KS: Any specific sources you subscribe to that you want to mention
SN: I have a few – I do read the Economist and Financial Times. Some of the articles I find very interesting. The articles which are opinion based, you take the opinion and you respect other person’s opinion but doesn’t necessarily mean that you need to subscribe to it and feel very strongly about it just because that article says so. I try to look at some of the authors whom I follow. Books I read but it is something which I am trying to read a bit more outside financial topics. You have to create big filters in your life.
KS: If you were to pick one book outside finance, which one would you pick
SN: It is difficult to pick one; the one I am reading right now is Sapiens. I have found it to be extremely interesting – the book talks about how the last 200-300 years of humanity in the context of the last 70,000 – 100,000 years of how we evolved into the current form. It is a mix of opinion as well as fact through scientific studies and the author has presented it in a very interesting and readable format for a subject which is history. History can be made interesting if you write it in the right sense. I have found that interesting to ask myself that the form in which we [humans] are in right now, how did we reach there. He has another book which looks into the future. There is no single book which is favourite, it is a function of the mood
KS: Any song or artist you would like to pick, or a movie
SN: I enjoy movies a lot whether it is Hollywood or Bollywood. I was extremely into the Friday shows in Bombay where you watch a movie irrespective of what the movie is. It has been somewhat inbuilt into me, from a range of action or comedy. There are some movies which are personal to you for reasons you attach them to. Shawshank Redemption is one of them which I personally enjoyed , the aspects of my own personal strengths – perseverance and never giving up. Those aspects I really enjoyed in that movie. There are few such movies – Pursuit of Happyness which was a similar story
KS: What is your definition of success?
SN: That definition changes every year or every 5 year if you ask any person. What I would have said 10 years ago would have been a very different answer but now I feel that you define success in your own terms. It doesn’t have to be objective targets. Ultimately, for me personally success would having a range of experiences in life and say that I tried different things in my profession as well as personal life. I find it more difficult to objectify success as I grew up.

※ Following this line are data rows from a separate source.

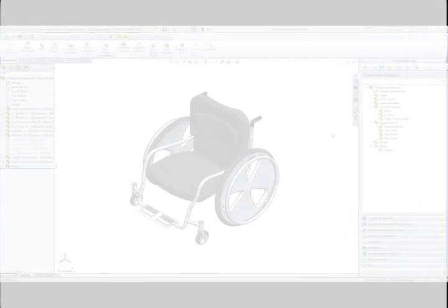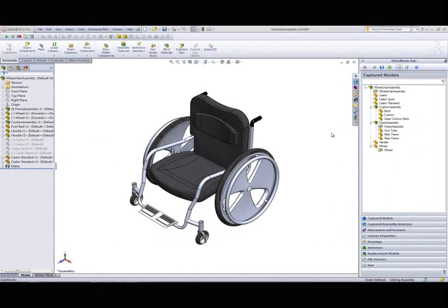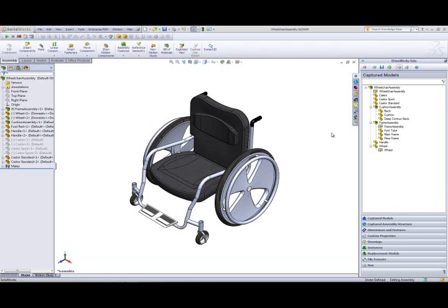This is a video from one of our design and configure example projects using DriveWorks Solo. This particular one shows you how you can configure a custom wheelchair. All the design rules and know-how for designing the chairs have been set up in the project and are driven by the requirements and values entered on the forms.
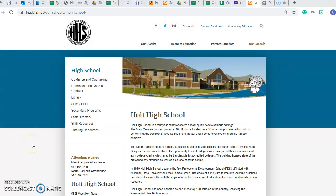Good morning, everybody. This is Mr. Schrauben, and I'm with awesome Holt Early College student Abigail Arsenal today and our Rockstar counselor, Ms. Reichert.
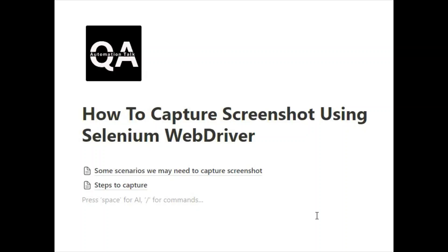Hello everyone, welcome again to this YouTube channel. Today we are going to discuss how we can capture screenshots in Selenium WebDriver. I have divided this video into two parts: first is why we require screenshots in selenium script and what are some scenarios we may need to capture screenshots.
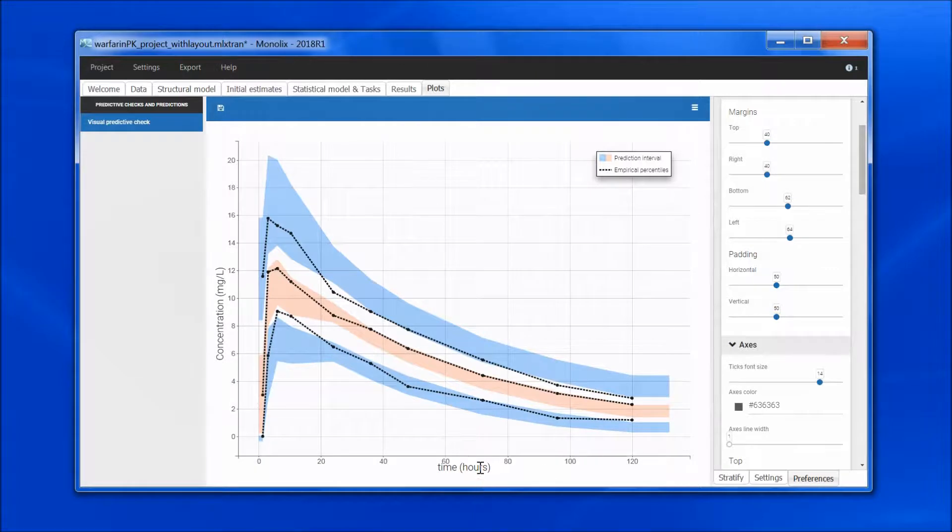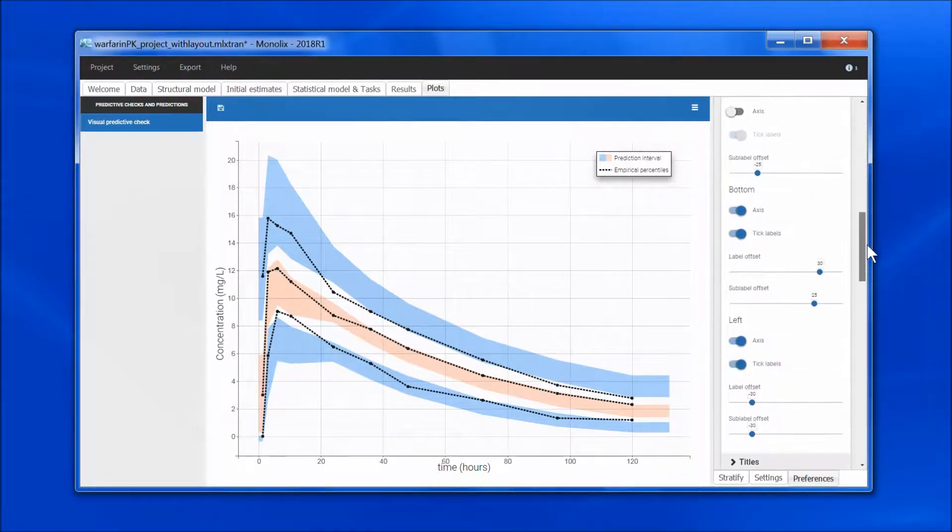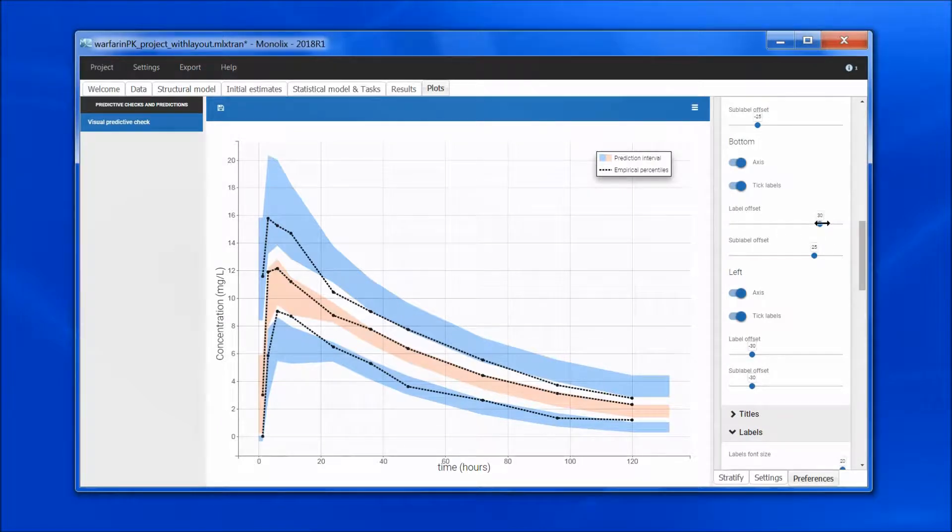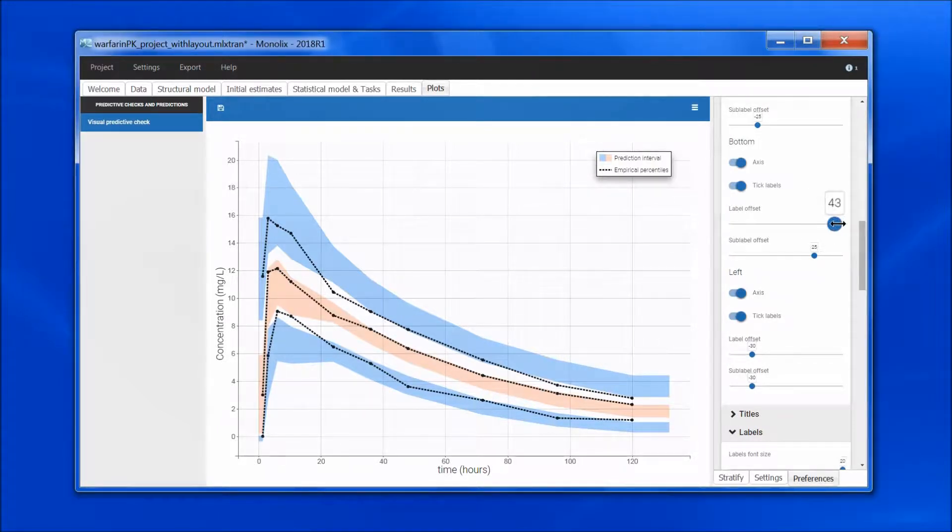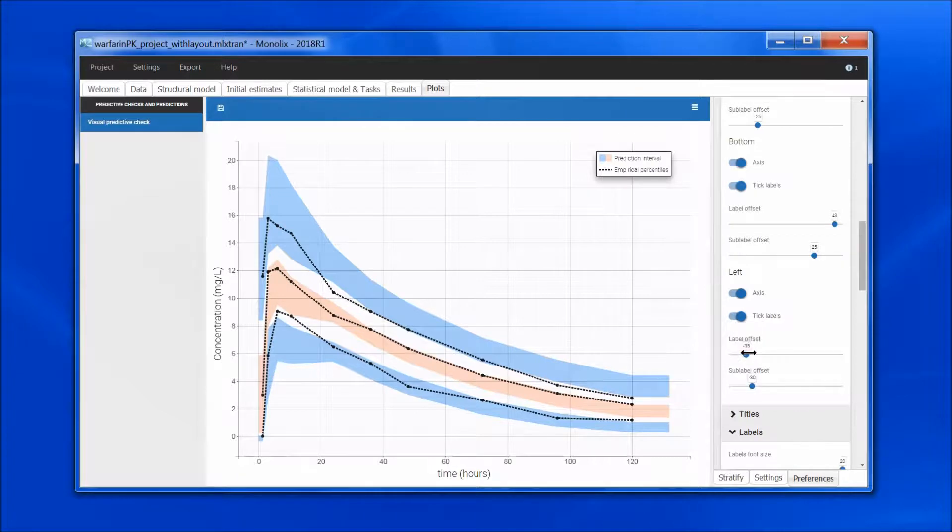Then I need to move the labels. I will do this here in the offset. So I am going to increase a bit the offset for the x-axis, and same here, I am going to decrease a bit the offset.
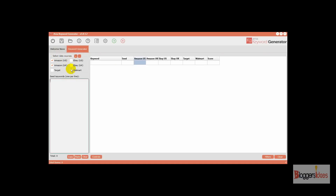Here you can select which marketplace you want to target. They are providing options for eBay US, eBay UK, Target, and Walmart marketplace as well. I'm going to enter keywords like 'laptop' and 'laptop skins,' and I'm going to check all of these marketplaces — eBay, Walmart, Target, Amazon UK, and Amazon US.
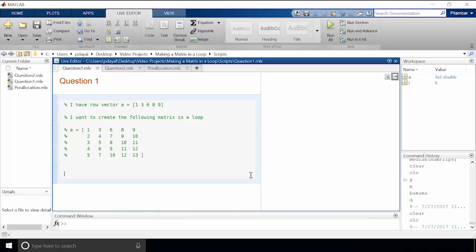Hello and welcome back to another MATLAB video. Today we're going to talk about creating a matrix in a loop. We're going to do this by answering a few questions. Here's question one: let's say I have a vector 1, 3, 6, 8, 9 and I want to make the following matrix from it. How do I do it?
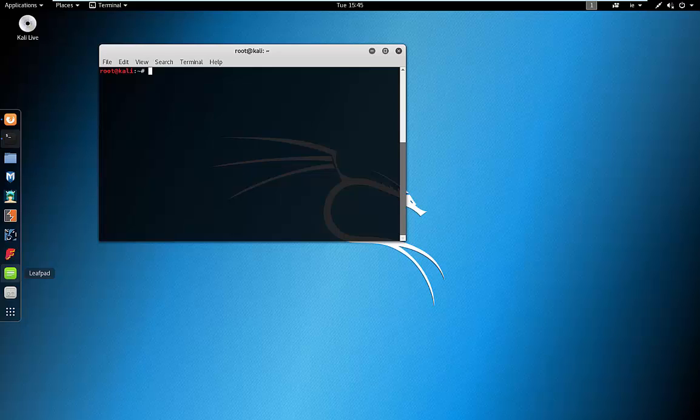Hi there. In this video I'm going to show you how to install WordPress on Kali Linux. This is the third video in a series of videos on Kali Linux. The final one after this one will show you how to ethically hack a WordPress site.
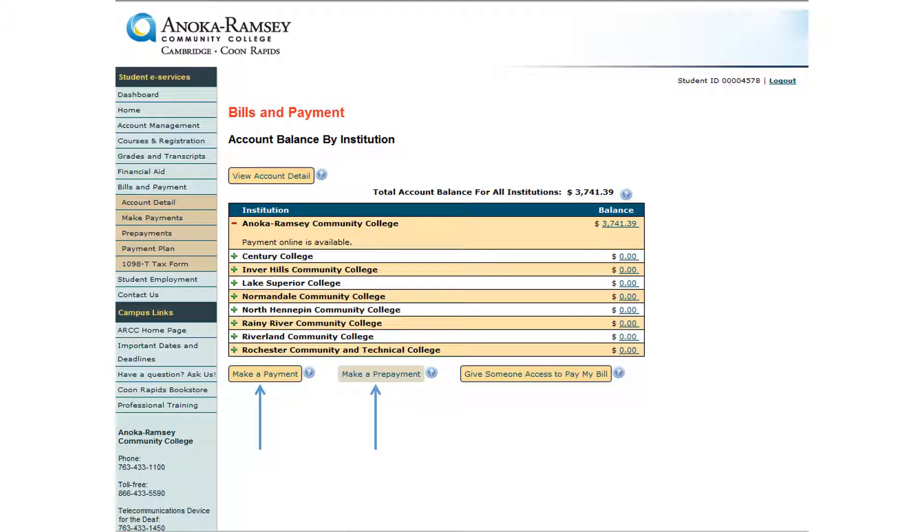Finally, you can view your balance for tuition and any other charges through your eServices under bills and payment. You can also make a payment, a prepayment, or enroll in a payment plan here.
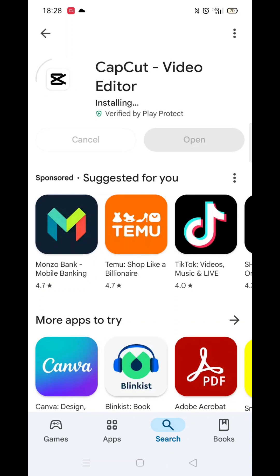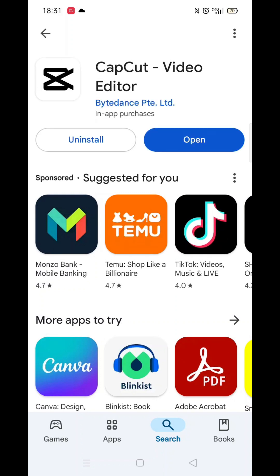Once the app is downloaded, it will then install on your phone. This could take several minutes. An app icon will also be downloaded to your phone's home screen for quick access. When the installation is complete, hit the blue open button.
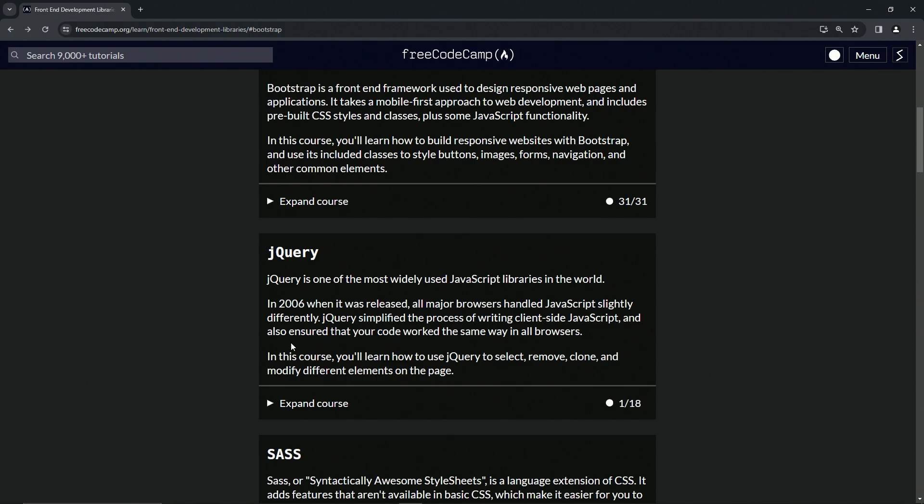In this course, we're going to learn how to use jQuery to select, remove, clone, and modify different elements on the page.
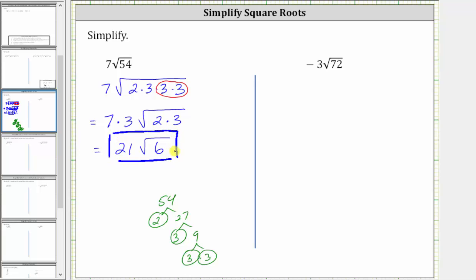Looking at the second example, we have negative three times the square root of 72. This will simplify if 72 contains any perfect square factors. If we recognize that 72 is equal to 36 times two, and 36 is a perfect square, we can save some time from having to determine the prime factorization. Let's show two ways to simplify this expression.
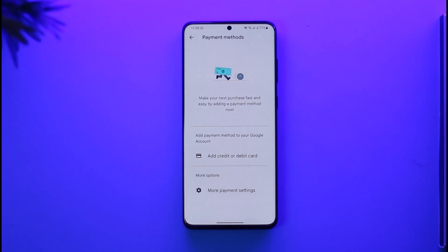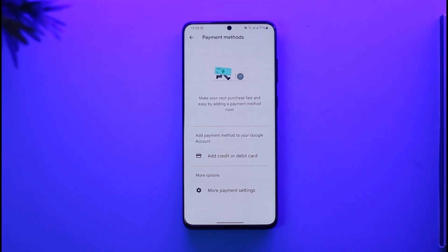Depending on the type of payment method, you can just select that card, and after that everything is pretty much self-explanatory. Just follow the instructions to remove the card details, and this way you can remove your card details from Google Play Store.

KS: What is the kindest thing someone has ever done for you?
SN: Without any specific incident or person, family has been a close part of me personally. I don’t express it much but right from childhood parents/family and my wife in the last five years have been over kind to me. It also relates to the initial chat we had on confidence and what your strengths are. For me family is a key part of that strength and they have been kind to me at every stage in the last 30-odd years.
KS: It has been an absolute pleasure interviewing a genius like you. I think we should call it a day. We can easily spend another hour discussing various things.